Would you return all of this data exactly, leaving nothing out?

● **EXERCISE DATA**
○ ○ ○ ○ ○

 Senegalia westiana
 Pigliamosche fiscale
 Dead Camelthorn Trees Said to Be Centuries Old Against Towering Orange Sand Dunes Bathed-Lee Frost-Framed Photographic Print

○ ○ ○ ○ ○

● **TASK RESPONSE**
 Senegalia westiana
 Pigliamosche fiscale
 Dead Camelthorn Trees Said to Be Centuries Old Against Towering Orange Sand Dunes Bathed-Lee Frost-Framed Photographic Print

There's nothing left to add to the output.